CW: Some say that containers will never easily fit legacy architecture systems that fail to exhibit a natural affinity (and support) for API connections. Container ecosystems live and breathe the API dream, so connecting legacy non-API-compliant systems to them will always be tough – right?  

DW: That’s right! Let’s break it down. All containers have an API, the software within the container has a way to interact with it and these two need to be compatible within your system design for containers to make sense… and that’s tough. 

CW: Where the above exists, enterprise organisations may be forced into a predicament where they are running containers, but forced to create parallel systems at some level to work with older legacy systems that can’t be migrated successfully to run alongside cloud-native technologies – right?  

DW: That’s not necessarily a predicament – every enterprise is heterogeneous… and they need to use containers only when it makes sense for them. In the container hype cycle, the world was led to believe that containers made software development easy. While they make some things easy, they lead to other complexities.

For example, how to re-architect entire systems which are in production within containers. Every SaaS company that runs workloads at scale will operate with containers because it’s easier. If you’re a developer working on your own project, one that does not need scaling, it might just be more complex to use containers. There are benefits at scale, but ask yourself if you need to do it. 

CW: Containers are not some golden passport to web-scale scalability and infinite elasticity after all… we’ll just leave that comment there for dramatic effect – right?  

Databricks’s Meyer: Not all monoliths are monolithically bad – get to know the micro from the macro.

DW: Containers don’t make you scale. If you’re scaling, then containers make that process easier – look at what suits your business more broadly. 

CW: At the end of the day, surely we also need to realise that we can’t get away from the fact that container development, management & monitoring, augmentation & enhancement… leading to eventual retirement (or repurposing) is a tough job and not every firm will have the right skills in place in-house to perform these tasks. Should we all have gone to container university (aka containiversity) first? 

DW: Containers are about efficiency, re-use and convention, but we shouldn’t conflate that with ‘it’s simple to run these systems at scale’ because it’s actually very hard.

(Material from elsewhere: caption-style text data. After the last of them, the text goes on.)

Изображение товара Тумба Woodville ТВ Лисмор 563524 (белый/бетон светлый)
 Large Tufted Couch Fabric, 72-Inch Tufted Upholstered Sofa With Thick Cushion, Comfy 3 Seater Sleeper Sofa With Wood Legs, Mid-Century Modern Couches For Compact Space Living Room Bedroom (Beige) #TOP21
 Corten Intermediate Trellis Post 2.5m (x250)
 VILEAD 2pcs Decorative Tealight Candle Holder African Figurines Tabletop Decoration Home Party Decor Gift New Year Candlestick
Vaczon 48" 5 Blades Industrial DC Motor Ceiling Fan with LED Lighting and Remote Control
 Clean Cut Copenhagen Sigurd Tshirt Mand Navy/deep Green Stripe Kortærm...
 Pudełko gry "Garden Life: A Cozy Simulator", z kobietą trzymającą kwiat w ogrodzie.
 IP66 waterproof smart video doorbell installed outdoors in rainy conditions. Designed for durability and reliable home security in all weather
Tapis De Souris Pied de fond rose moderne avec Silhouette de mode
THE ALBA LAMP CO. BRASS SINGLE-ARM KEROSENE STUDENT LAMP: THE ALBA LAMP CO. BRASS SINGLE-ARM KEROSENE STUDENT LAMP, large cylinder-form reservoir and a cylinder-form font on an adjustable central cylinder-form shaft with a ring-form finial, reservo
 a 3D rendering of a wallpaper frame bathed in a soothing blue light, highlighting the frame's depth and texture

Instead of thinking of how to run your own containers at scale, think of how to encapsulate your work in the containers and use vendors that can run it at scale.

You should create a vendor ecosystem that’s integrated, where vendors can provide containers-based architectures. 

Then, send someone in your enterprise to container university to learn the tricks of the trade, and, make sure your vendors have a degree from container university before you engage them.